_Exercise prompt_
From the data below, copy exactly the lines that lie between the one holding "House exterior with" and the one holding "Barcelona Hand Printed", including both, and nothing more.

_Exercise data_
• • • •

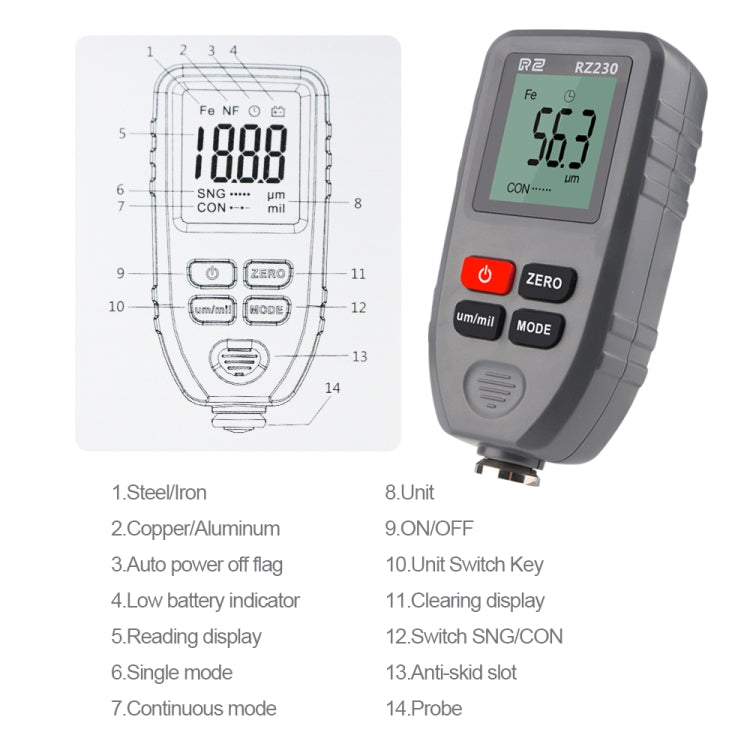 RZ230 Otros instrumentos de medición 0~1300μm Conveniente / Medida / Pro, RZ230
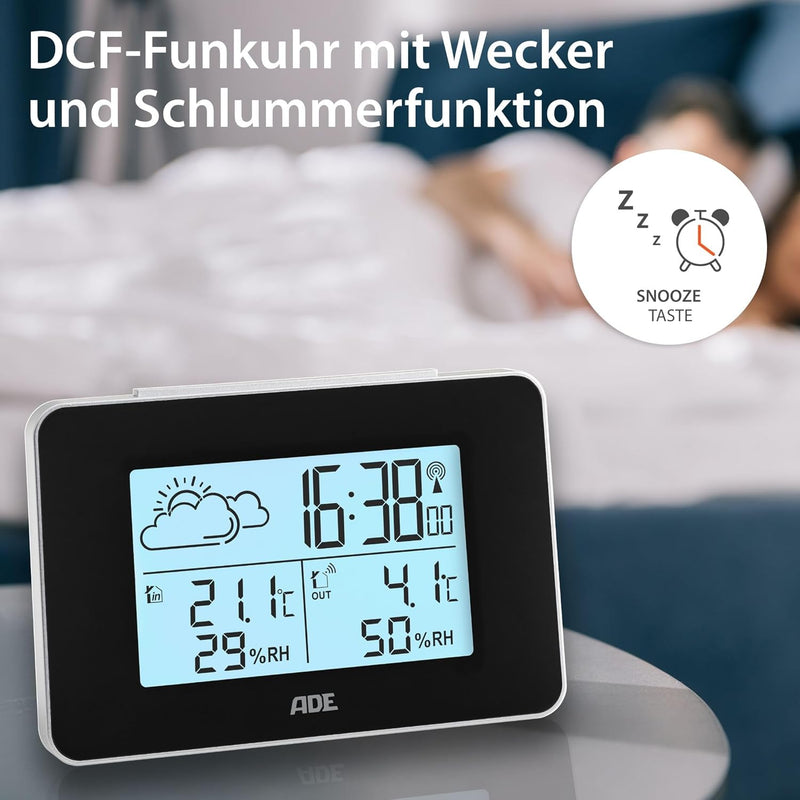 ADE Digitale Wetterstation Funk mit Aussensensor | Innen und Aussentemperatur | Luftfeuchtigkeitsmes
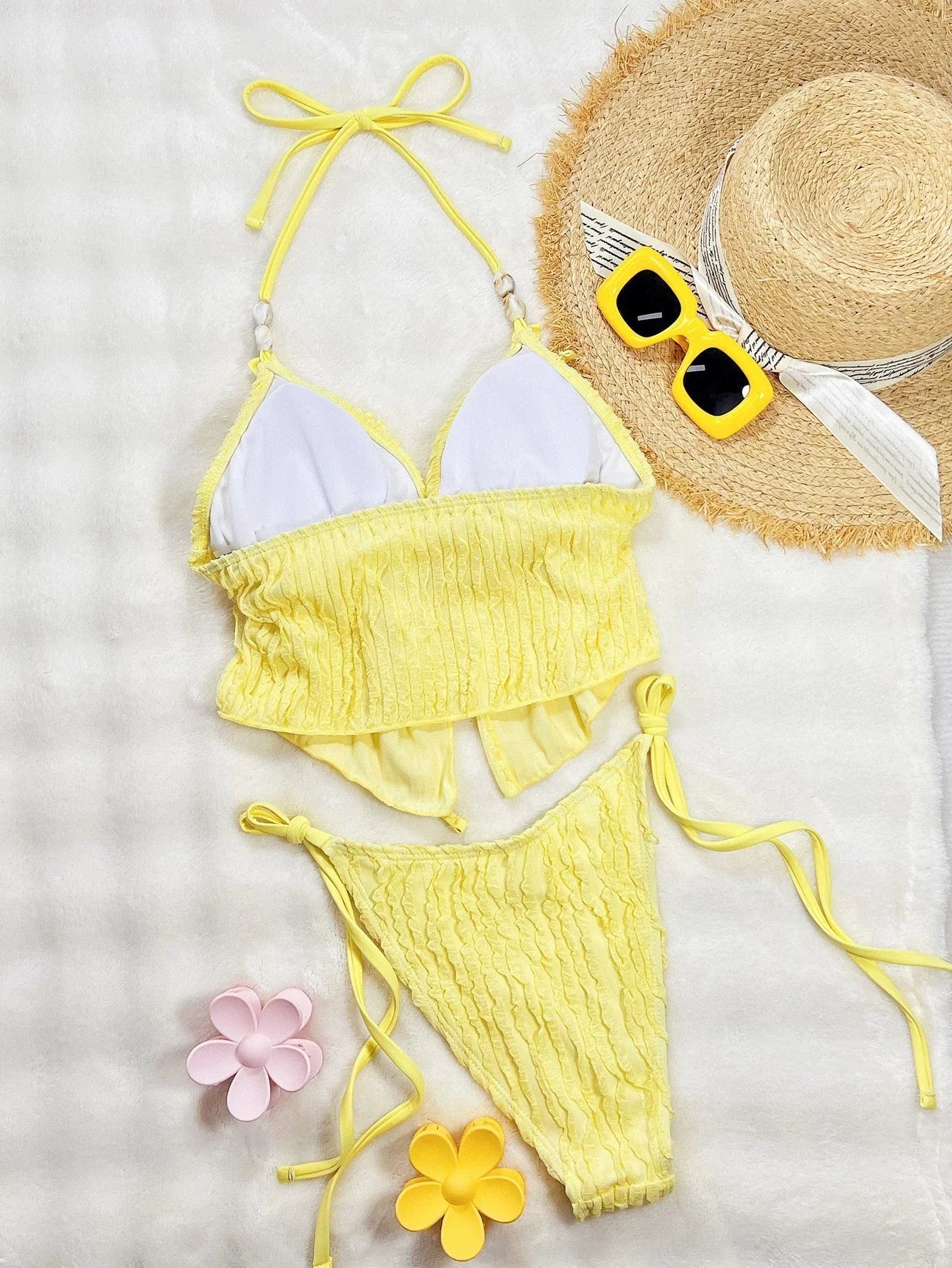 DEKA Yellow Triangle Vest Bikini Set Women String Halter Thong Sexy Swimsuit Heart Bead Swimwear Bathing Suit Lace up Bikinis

• • • •

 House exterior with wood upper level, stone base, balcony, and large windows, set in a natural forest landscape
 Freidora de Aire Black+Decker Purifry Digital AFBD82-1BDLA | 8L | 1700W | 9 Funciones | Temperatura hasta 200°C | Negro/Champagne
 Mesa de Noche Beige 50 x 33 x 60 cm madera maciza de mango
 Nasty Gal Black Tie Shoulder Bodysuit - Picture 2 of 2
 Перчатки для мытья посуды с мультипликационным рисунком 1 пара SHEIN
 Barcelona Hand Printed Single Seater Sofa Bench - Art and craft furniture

• • • •

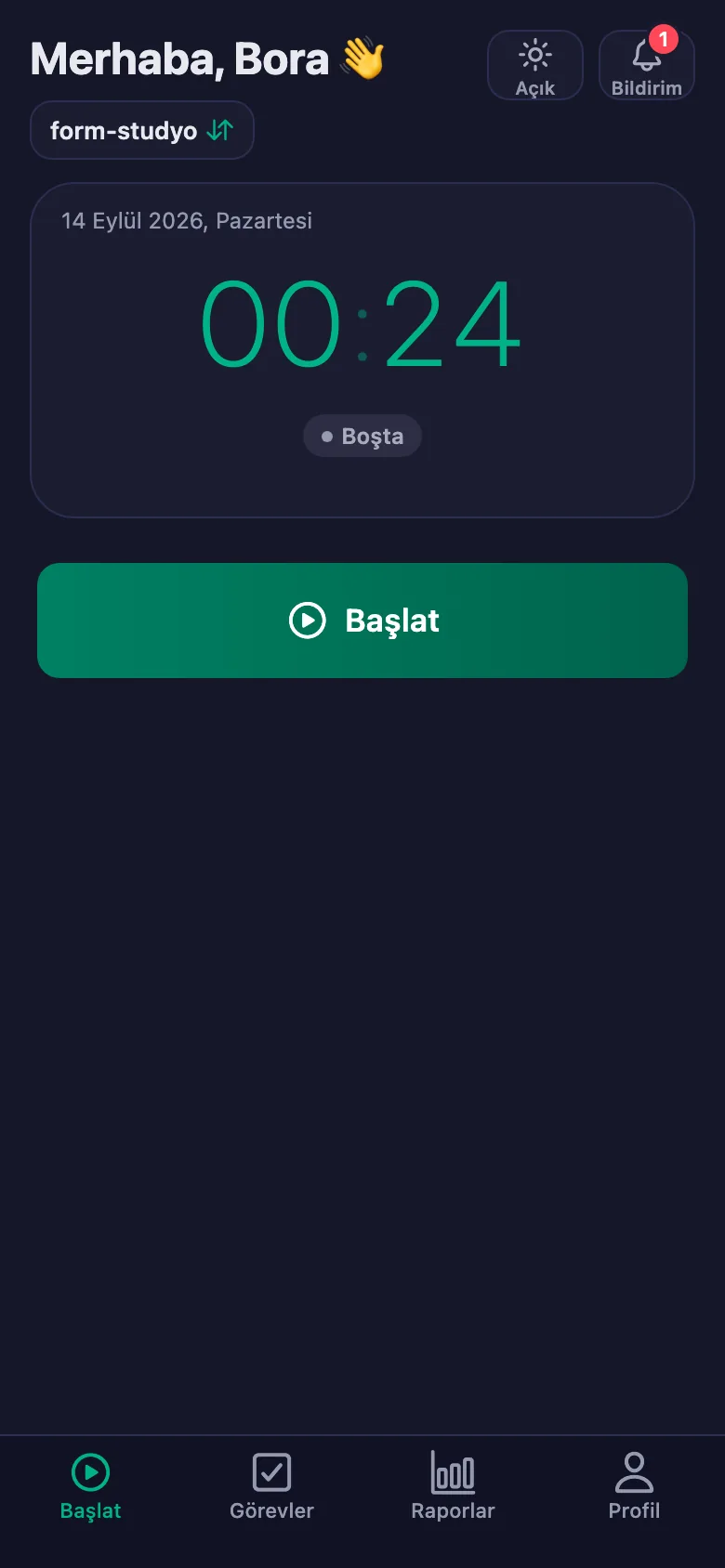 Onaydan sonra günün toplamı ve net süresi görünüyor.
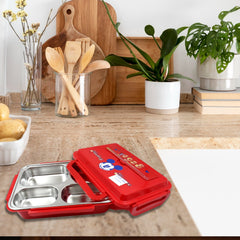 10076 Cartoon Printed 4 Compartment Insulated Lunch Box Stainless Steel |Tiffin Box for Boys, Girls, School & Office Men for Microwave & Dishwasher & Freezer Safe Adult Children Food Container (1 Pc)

• • • •

_Response_
 House exterior with wood upper level, stone base, balcony, and large windows, set in a natural forest landscape
 Freidora de Aire Black+Decker Purifry Digital AFBD82-1BDLA | 8L | 1700W | 9 Funciones | Temperatura hasta 200°C | Negro/Champagne
 Mesa de Noche Beige 50 x 33 x 60 cm madera maciza de mango
 Nasty Gal Black Tie Shoulder Bodysuit - Picture 2 of 2
 Перчатки для мытья посуды с мультипликационным рисунком 1 пара SHEIN
 Barcelona Hand Printed Single Seater Sofa Bench - Art and craft furniture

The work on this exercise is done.